誰かに料理を勧めるときなんかに、「食べてみてください」というのも、美味しくなかったらすぐやめていいですよという思いやりを示すものだし、「してみる」という表現には、駄目だったらすぐにやめてもいいという緩さを感じてしまうのである。だから「わたしは今日まで生きてみました」の部分だけを取り出すと、生きることへの決意の軽さか感じられるような気がして、最後の「明日からもこうして生きていこうと思うんです」という部分と対応する形の「わたしは今日まで生きてきました」だと思ってしまっていたのだ。
しかし、改めて歌詞を読み返してみると、そうではないのだ。「わたしは今日まで生きてみました」がかかっていくのは、生きる手段を語った次の二行「時には人に助けられて」「時には人にすがりついて」なのである。言い換えるなら、これまでいろいろな方法で生きてみたということなのだ。そうなると「みる」の持つ軽さは、「生きる」ではなく生き方にかかっていく。一つの生き方を試してみてだめだったら、すぐに次のいき方を試す。それを何度も繰り返すわけだから、「生きる」ことへの決意の強さはこの上もないものになる。「自分の人生」を生きるためには、手段を問わないのである。
それに比べて、「生きてきました」としたときの、貧弱さはどうだろう。生きるための、生き方を探すための試みであった「時には人に助けられて」「時には人にすがりついて」も、単なる状況を説明する背景に後退してしまい、状況に流されて生きてきたような印象を与えてしまう。これでは、「明日からもこうして生きていこうと思うんです」の強い決意を受け止めきれない。
ああそうか。「生きてきました」というのは我が人生なのだ。状況に追い詰められて流されるように、道を踏み外し続けてきた我が人生には、能動的な「生きてみました」というのはふさわしくない。だから、長らく聴かなかった間に記憶の中の歌詞を無意識に改変してしまったのだ。そして、自分にはできない生き方だからこそ、この歌を聴いて涙を流してしまったのだ。

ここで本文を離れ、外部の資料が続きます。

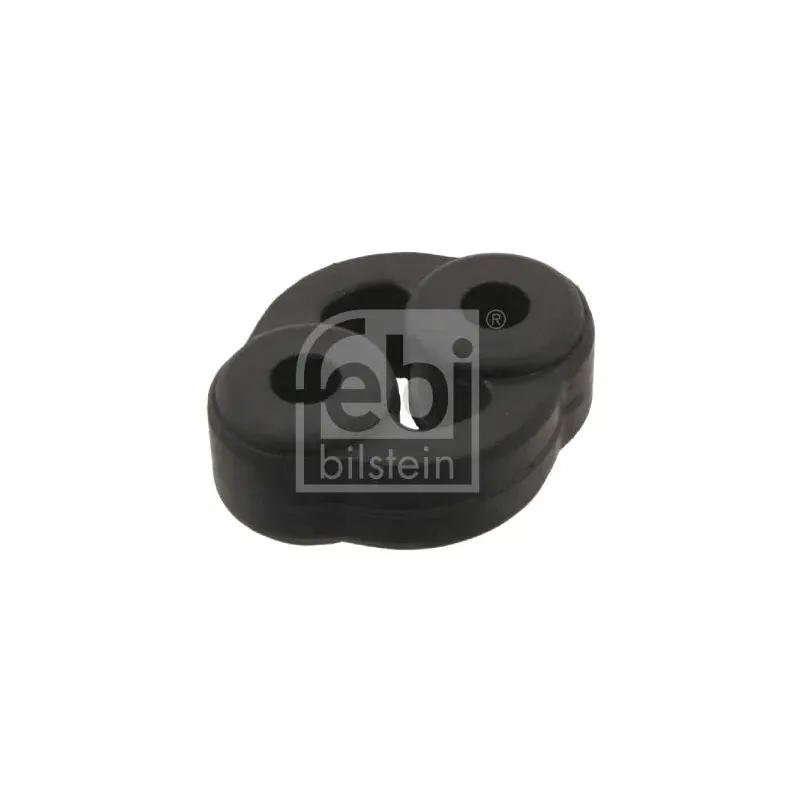 FEBI BILSTEIN 30783 Soporte, sistema de escape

我が恥さらしの人生については、「今はまだ人生を語らず」と答えるにしても、いつか語れるようになる日が来るのだろうか。とまれ、天性の詩人の言葉への感覚の鋭さは、大学で文学なんてものを学問としてかじった人間に及びのつくようなものではないのだ。異国の地で昔聞いていた吉田拓郎のすごさを再確認し感慨にふけるなんてのも、老い先短い人生、悪くはないんじゃないかという気がしてきた。
以上、心の中にうずまいていたことをぶちまけてみたわけだけど、ユーチューブで吉田拓郎を聴くのを止められるかな。この次の記事が選挙結果の話だったら止められたということである。
2017年10月27日23時。